JACKSON, Miss. (AP) — Attorneys have until next week to submit arguments in a legal dispute about school funding initiatives on the November ballot.
The Mississippi Supreme Court on Friday set an April 24 deadline for attorneys to file briefs about whether justices should hear an appeal from legislative leaders.
The citizen-led Initiative 42 would require lawmakers to fund "an adequate and efficient system of free public schools," and it provides that people could appeal to court if funding falls short.
The Republican-led Legislature put an alternative, Initiative 42-A, on the ballot. It originally said lawmakers must fund "an effective system of free public schools."
On April 2, Hinds County Circuit Judge Winston Kidd rewrote the title of 42-A to say the Legislature should fund "effective public schools" but to specify there would be no court appeal if lawmakers don't fulfill the financial obligation.
A ballot title is the short description of an initiative that people will see when they vote.

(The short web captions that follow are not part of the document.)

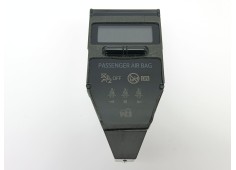 Recambio de modulo electronico para toyota auris (_e18_) 1.2 (nre185_) referencia OEM IAM 8391002200  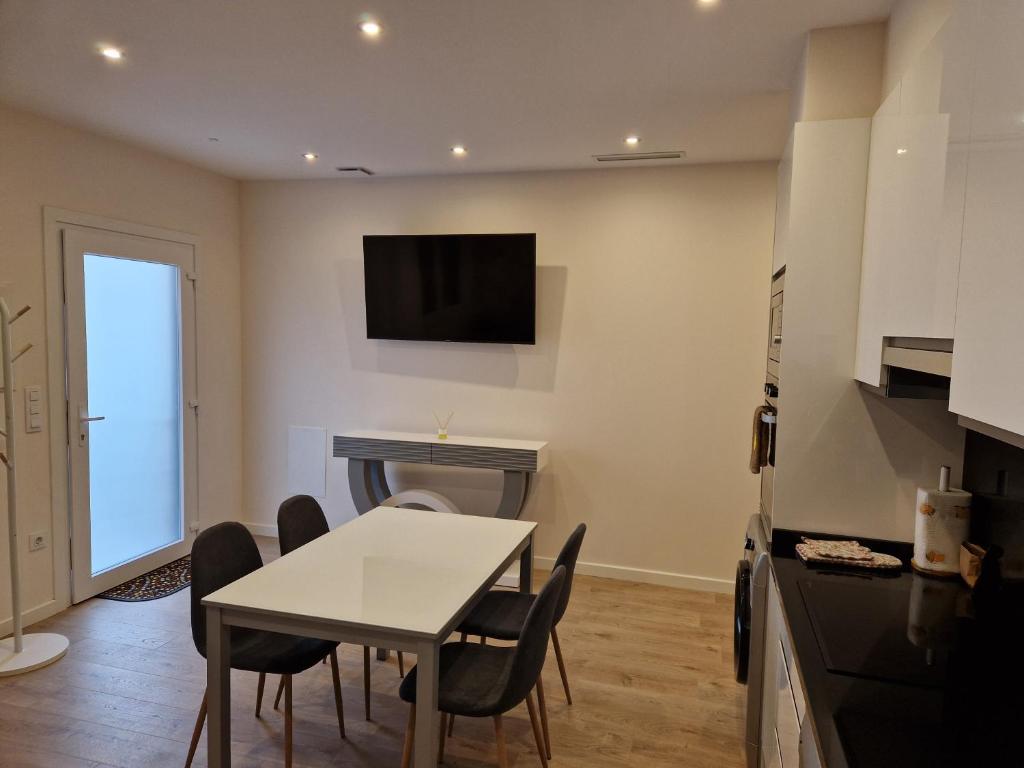 Apartaments Mariña B5 - 11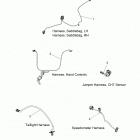 SPRINGFIELD LIMITED ALL OPTIONS (N20THAAA) Electrical, wire harness 2 - n20thaaa all options (20063...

The titles for 42 and 42-A were both originally written by the state attorney general's office.
Lt. Gov. Tate Reeves and House Speaker Philip Gunn on Thursday asked the Supreme Court to reject Kidd's decision. They said Kidd overstepped his constitutional authority by rewriting the attorney general's work.
However, it's not clear whether Reeves and Gunn have legal standing to ask the Supreme Court to get involved because state law does not specify that people can appeal a circuit judge's decision to rewrite the ballot title for an initiative.
Kidd became involved in the case after an Oxford mother with children in public school, Adrian Shipman, filed a lawsuit in late March asking him to rewrite the title for 42-A. Shipman said voters could become confused between the ballot titles of the two proposals because they were similarly worded.
The Mississippi Adequate Education Program is a budget formula designed to give schools enough money to meet midlevel academic standards. Legislators have fully funded the formula only two years since it was put into law in 1997.